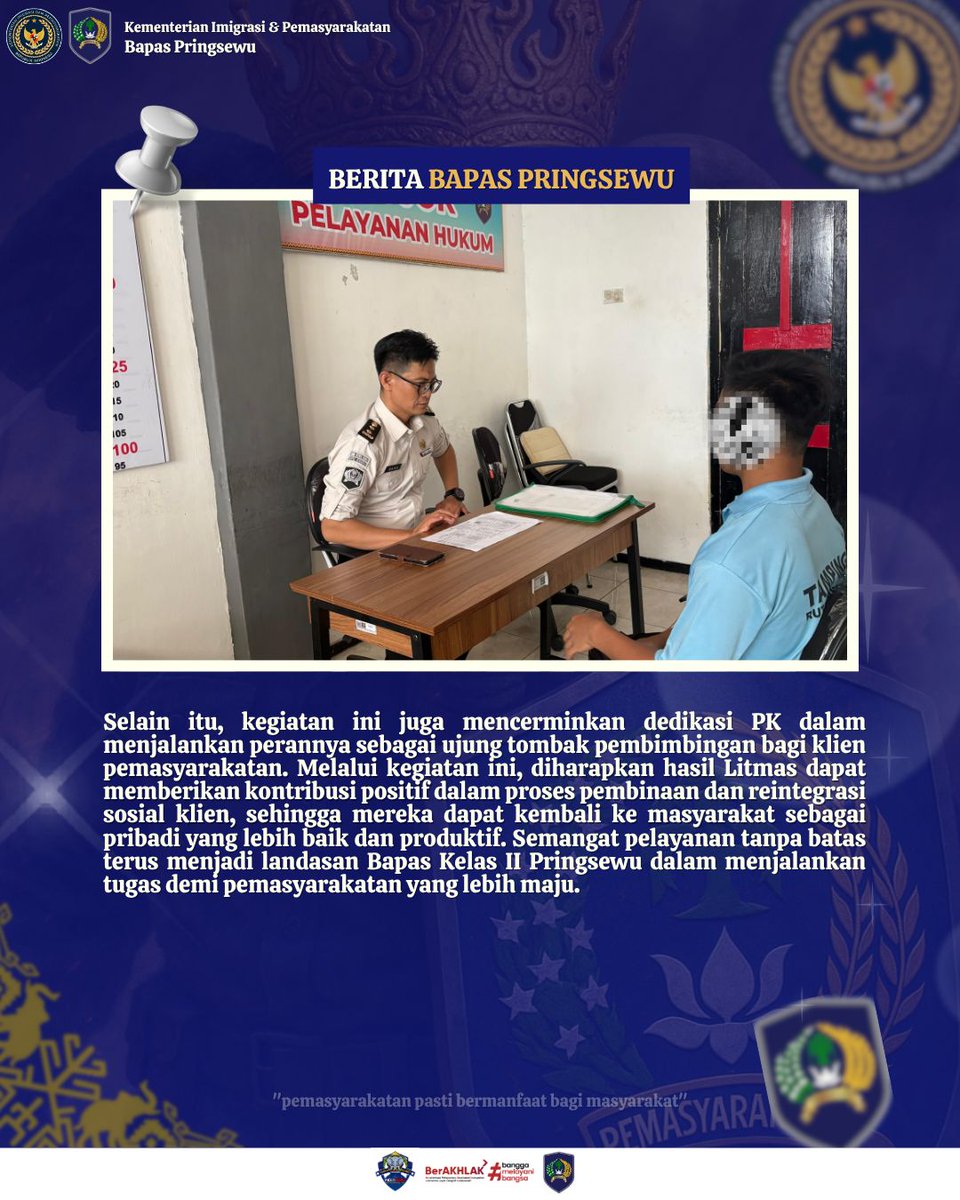 HumasBapasPsw's tweet image. Semangat Pelayanan Tanpa Batas! PK Bapas Kelas II Pringsewu Laksanakan Litmas di Rutan Kelas II Kota Agung

#kemenimipas
#guardandguide
#pemasyarakatan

□ □ □

* Work to complete
Using the material above, return every line exactly as it appears, minus the pictures.

* Answer to the problem
 HumasBapasPsw's tweet image. Semangat Pelayanan Tanpa Batas! PK Bapas Kelas II Pringsewu Laksanakan Litmas di Rutan Kelas II Kota Agung

#kemenimipas
#guardandguide
#pemasyarakatan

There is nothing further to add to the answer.